Exploitation requires administrator-level privileges, which limits the attacker population but enables information disclosure across the entire database. The vulnerability impacts confidentiality only — integrity and availability remain unaffected, since the injection path supports query appending suitable for data extraction rather than write operations.

Root Cause

The root cause is improper input neutralization in the plugin's Input.php class and the absence of prepared statements in WithdrawModel.php at the points where the data parameter is consumed. See the WordPress Tutor Input Class and the WordPress Tutor Withdraw Model for the unsanitized data path.

Attack Vector

The attack is network-based and requires authentication as an administrator. An attacker submits crafted input to the withdraw requests endpoint, where the data parameter is incorporated into a SQL query. By appending payloads such as UNION SELECT clauses, the attacker reads arbitrary rows from the WordPress database including the wp_users table. Refer to the WordPress Tutor Withdraw Requests Page for the entry point.

No verified public proof-of-concept code is available. The vulnerability mechanism is documented in the Wordfence Vulnerability Report.

Detection Methods for CVE-2026-10736

Indicators of Compromise

  • Requests to Tutor LMS withdraw request endpoints containing SQL meta-characters such as ', --, UNION, or SELECT in the data parameter
  • Anomalous database queries originating from the Tutor LMS plugin context referencing tables outside the plugin schema (e.g., wp_users, wp_usermeta)
  • Administrator account activity that includes withdraw request page access followed by unusual data exports

Detection Strategies

  • Inspect WordPress and web server access logs for POST or GET requests to Tutor LMS withdraw endpoints with encoded SQL syntax in the data parameter
  • Enable MySQL general query logging or slow query logging temporarily to identify malformed or unexpected UNION-based queries
  • Deploy a web application firewall (WAF) ruleset configured to flag SQL injection patterns targeting WordPress plugin endpoints

Monitoring Recommendations

  • Audit Tutor LMS plugin version inventory across all WordPress installations and flag any instance at or below 3.9.11
  • Monitor administrator account logins for unusual source IPs or off-hours activity, since exploitation requires elevated privileges
  • Track changes to file models/WithdrawModel.php and validate it matches the patched 3.9.12 baseline

How to Mitigate CVE-2026-10736

Immediate Actions Required

  • Update the Tutor LMS plugin to version 3.9.12 or later on all WordPress installations
  • Review administrator account inventory and remove unused or stale privileged accounts
  • Rotate credentials for WordPress administrators if exploitation is suspected, and reset secret keys defined in wp-config.php
  • Audit the WordPress database for unauthorized read access by reviewing application and database logs

Patch Information

The vendor released a fix in Tutor LMS version 3.9.12. The remediation introduces proper query preparation in the withdraw model.
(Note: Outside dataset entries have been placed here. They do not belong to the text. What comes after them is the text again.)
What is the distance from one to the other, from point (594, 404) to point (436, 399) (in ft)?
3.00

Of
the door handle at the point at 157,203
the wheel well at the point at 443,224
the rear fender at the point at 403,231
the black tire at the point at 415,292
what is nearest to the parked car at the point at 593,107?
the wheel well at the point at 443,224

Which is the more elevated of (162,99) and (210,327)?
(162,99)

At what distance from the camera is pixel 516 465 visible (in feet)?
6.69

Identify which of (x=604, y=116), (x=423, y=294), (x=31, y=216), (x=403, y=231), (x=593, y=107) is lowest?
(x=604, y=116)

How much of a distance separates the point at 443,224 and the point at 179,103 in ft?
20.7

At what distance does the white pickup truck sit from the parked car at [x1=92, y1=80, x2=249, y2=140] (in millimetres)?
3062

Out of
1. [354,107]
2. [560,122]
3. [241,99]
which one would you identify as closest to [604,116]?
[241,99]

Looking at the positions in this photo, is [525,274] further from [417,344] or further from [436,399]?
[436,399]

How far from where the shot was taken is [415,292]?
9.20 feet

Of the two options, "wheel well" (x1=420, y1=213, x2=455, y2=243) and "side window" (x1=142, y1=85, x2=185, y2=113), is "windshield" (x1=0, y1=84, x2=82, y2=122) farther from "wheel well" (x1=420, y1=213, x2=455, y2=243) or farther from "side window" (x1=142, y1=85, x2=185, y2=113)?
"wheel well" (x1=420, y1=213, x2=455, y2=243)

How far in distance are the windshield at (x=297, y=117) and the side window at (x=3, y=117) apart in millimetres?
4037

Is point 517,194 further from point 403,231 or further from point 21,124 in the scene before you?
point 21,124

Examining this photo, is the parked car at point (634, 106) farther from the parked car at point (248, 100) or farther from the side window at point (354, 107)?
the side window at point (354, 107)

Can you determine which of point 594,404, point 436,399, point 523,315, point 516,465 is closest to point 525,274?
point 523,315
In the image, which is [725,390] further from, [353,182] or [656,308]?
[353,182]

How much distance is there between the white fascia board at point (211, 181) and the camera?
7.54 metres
Review the patch commit at the WordPress Tutor Withdraw Model Changeset to confirm deployment.

Workarounds

  • Restrict administrator access using IP allowlisting at the web server or WAF layer until the patch is applied
  • Disable the Tutor LMS plugin temporarily if administrative withdraw request functionality is not required
  • Apply WAF signatures that block SQL injection payloads in requests targeting the data parameter on Tutor LMS endpoints
bash
# Update Tutor LMS via WP-CLI to the patched version
wp plugin update tutor --version=3.9.12

# Verify installed version
wp plugin get tutor --field=version

Disclaimer: This content was generated using AI. While we strive for accuracy, please verify critical information with official sources.